Okolnir. Rentrer au pays. Hedda sonne à la porte de la maison. Cette maison qui tient tous ces souvenirs. Des souvenirs heureux de joeur à cache-daemon. Des souvenirs de cris de larmes et de haine. Elle voudrait presque repartir, ne jamais présenter à cette femme sa propre fille, ne pas laisser ses griffes creuser des trous dans la vie d'Ida. Et pourtant elle espère. Que sa mère a peut-être changé.
Et puis répond enfin quelqu'un. Un jeune garcon. A peine quinze ans. On demande qui c'est. La voix de la mère.
C'est moi.
Hedda serre la main d'Ida dans la sienne.
Elle arrive. Avec elle un homme du même âge. Quelque chose la frappe chez cet homme. Quelque chose qui l'appelle. Quelque chose qui lui dit que c'est son père.
Hedda? C'est bien toi? Et cela doit être ta fille? Tu es revenue? Tu es revenue ma chérie! Viens! Viens reste avec nous!
Mais Hedda n'écoute pas. Elle fixe cet homme. Toutes ces années à l'imaginer l'espérer le rêver, le voila. Caché par sa mère pendant toutes ses années il est revenu vivre avec elle après son départ. Il ne voulait pas voir la petite Hedda peut-être. Il ne voulait pas d'elle. Il était là peut-être toutes ses années si proche à attendre son départ. Elle n'était pas suffisamment parfaite pour elle.
Hedda n'écoute plus. Elle se retourne. Elle s'en va. C'était futile de tenter de revenir. Que des maux qui réapparaissent. Mieux vaut se débarasser du passé une bonne fois pour toute.
Tout recommencer.


Précisions complémentaires

En 2011, le gouvernement américain lance au travers des médias l’existence d'une nouvelle espèce, les daemoniens. Il s'agit de la grande révélation. Comment as-tu vécu ce chamboulement ? Qu'en as-tu pensé ? Des réactions démesurées envers les daemoniens ont été commises par les humains de tout horizon, comment as-tu réagi même si tu n'étais pas au cœur de l'action ? Hedda était en vadrouille. Elle avait quitté la Norvège et n'avait pas encore trouvé les Etats-Unis. Si habituée à vivre au grand jour à Okolnir, même s'il fallait parfois cacher l'existence d'Even. Elle pouvait enfin révéler son existence, ne plus mentir, ne plus le cacher. Mais les réactions l'ont choquée. De voir tant de haine. Un jour quelqu'un a voulu attraper Even les yeux plein de rage et leur a couru après. Un jour c'était un enfant qui curieux voulait toucher l'hermine. Haut le coeur. On n'a pas le droit de faire ca. Mais ce n'était qu'un enfant. L'innocence. Tout ca passera s'était dit Hedda. Les gens accepteront, s'habitueront. Si tenté que les gens ne soient pas trop fous.

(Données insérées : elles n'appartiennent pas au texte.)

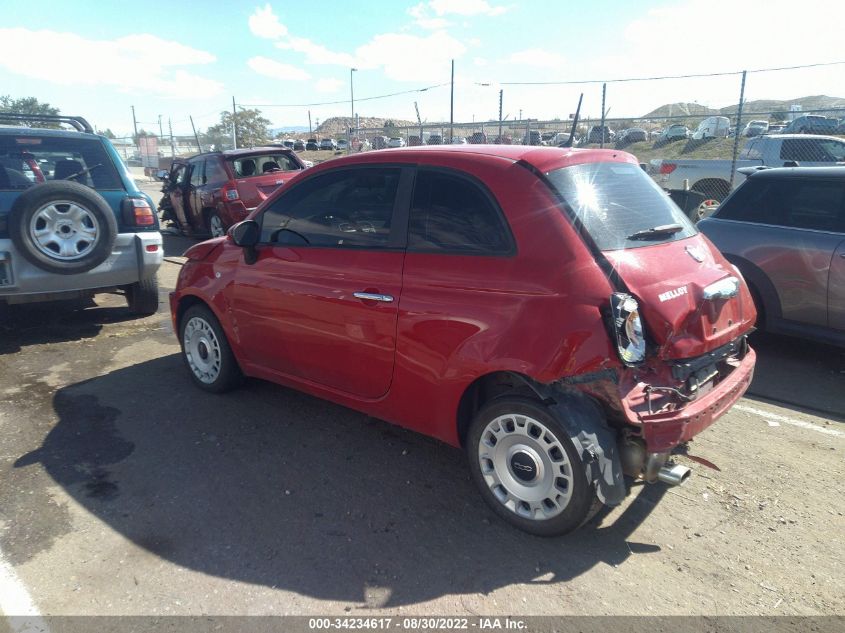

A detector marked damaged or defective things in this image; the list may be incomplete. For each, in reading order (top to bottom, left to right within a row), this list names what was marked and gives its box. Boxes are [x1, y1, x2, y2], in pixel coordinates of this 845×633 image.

Dans ton enfance, adolescence ou dans ta vie d'adulte, t'es-t-il déjà arrivé de commettre une erreur qu'elle soit difficilement pardonnable ou clairement irréparable ? À l'inverse, quel est le plus beau geste que tu as commis dans ton existence que ca soit envers un proche ou envers un inconnu ? Par ailleurs, d'après toi, quelle serait ta plus grande peine, ton plus grand regret, ta plus grande joie ainsi que ta plus grande réussite ? Des erreurs il y en a eu. Des patients qui n'ont pas survécu qui ont sombrés malgré tous ses efforts, des gens qu'elle a blessé. Mais le pire c'est quand elle a trop voulu faire, quand elle a utilisé son don à foison. C'est pourtant la plus belle chose qu'elle pouvait donner à quelqu'un. Le calme après la tempête, mais c'est comme une drogue ce truc. D'abord ca vous apaise. Puis ca vous ennivre, ca vous donne des frissons, ca vous rend fou. Ca devient indispensable. Sa mère puis le père de sa fille. Hedda essaie de ne pas y penser, de se dire que c'est mieux sans eux maintenant. Mais au fond elle s'en veut terriblement de les avoir fait sombrer, d'avoir céder à leurs demandes.
La plus grande reussite et la plus grande joie c'est bien sûr Ida, petite fille pleine de possibles. Et la réussite ou au moins l'espoir de vivre maintenant comme elle le veut, de ne plus se laisser faire. La plus grande peine a été de vivre si triste longtemps, de ne plus voir la lumière, à force de trop donner à celui qu'elle aimait. Un regret de s'être laissée fâner auprès de lui. Et c'est aussi d'avoir vu disparaître le daemon d'Ida, et de savoir qu'elle serait maintenant toujours déchirée, qu'il lui manquera une partie de son âme.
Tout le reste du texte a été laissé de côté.